Mais pour cerner, les particularités, les difficultés et les raisons de cette immigration algérienne, il est nécessaire d'établir un bref historique de la crise algérienne. La situation dramatique vécue par ce pays s'inscrit dans le cadre des événements déclenchés par l'interruption du processus électoral le 12 janvier 1992, conséquences directes et indirectes de la politique algérienne depuis l'indépendance.
Après avoir subi plusieurs dominations au cours de son histoire, l'Algérie est colonisée par les Français malgré une résistance acharnée dont celle devenue mythique de l'Emir Abd-El-Kader (1807-1883) de 1830 à 184713.
L'Algérie fut proclamée partie intégrante du territoire français et divisée en 3 départements par la II ème République (1848-1851). Après la parenthèse du Second Empire, la III ème République établit un maillage administratif du territoire et mit en place une politique d'assimilation qui ne donnait nullement les droits de citoyens français aux musulmans, soumis au contraire à une politique d'assujettissement exprimée par le Code de l'indigénat (1881). Le choc physique et moral de la Grande Guerre (1914-1918), l'engagement et le loyalisme des troupes coloniales envers la République entraîna une libéralisation du régime envers les musulmans. Mais l'opposition des colons freina toute tentative de réformes comme celle du gouverneur Viollette (1870-1960). Dans les années trente commence à se dessiner l'évolution qui aboutira, en l'espace de 20 ans au choc violent entre les deux communautés.

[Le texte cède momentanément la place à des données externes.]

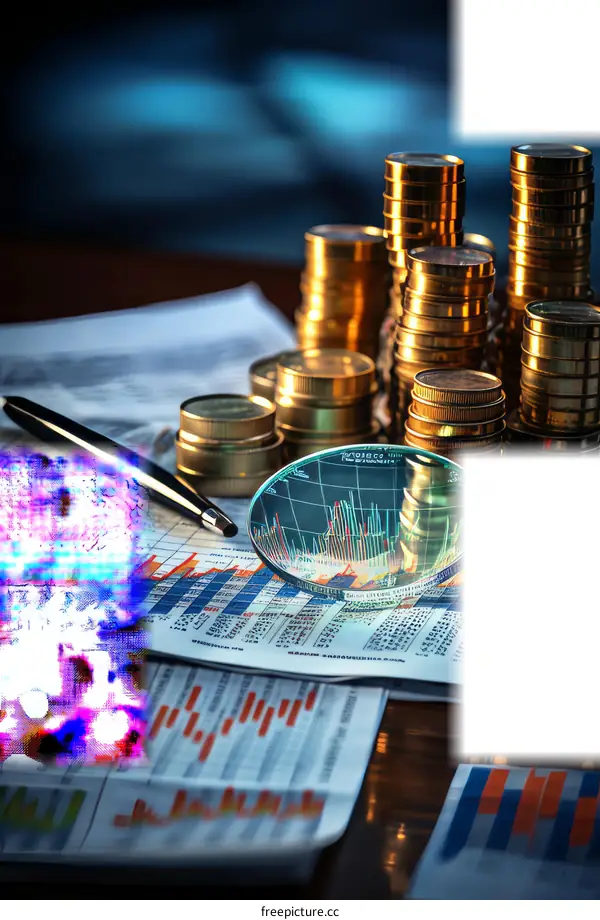 Stacks of Gold Coins with Magnifying Glass and Financial Graph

C'est parmi les travailleurs émigrés en métropole que Ahmed Messali Hadj (1898-1974) fonda en 1927, le premier mouvement anticolonialiste "l'Etoile Nord Africaine ". Le nationalisme algérien fut assez divers et ses différentes sensibilités joueront un rôle important dans les orientations de l'actuelle guerre civile. On peut noter 3 grandes tendances apparues dans la population algérienne : l'une, traditionaliste, représentée par Ben Badis et le Conseil des Oulémas (fondé en 1931) répandait l'idée d'une patrie algérienne musulmane fondée sur l'islam, la deuxième, celle du Parti Populaire Algérien (PPA, prolongement et succession de l'Etoile Nord Africaine) de Ahmed Messali Hadj luttait pour l'indépendance et la révolution sociale, la troisième, qui trouva sa première expression cristallisée autour de la Fédération des Elus indigènes de Bendjelloul et de Fehrat Abbas (1889-1985), réclamait une authentique assimilation et le droit de citoyenneté française.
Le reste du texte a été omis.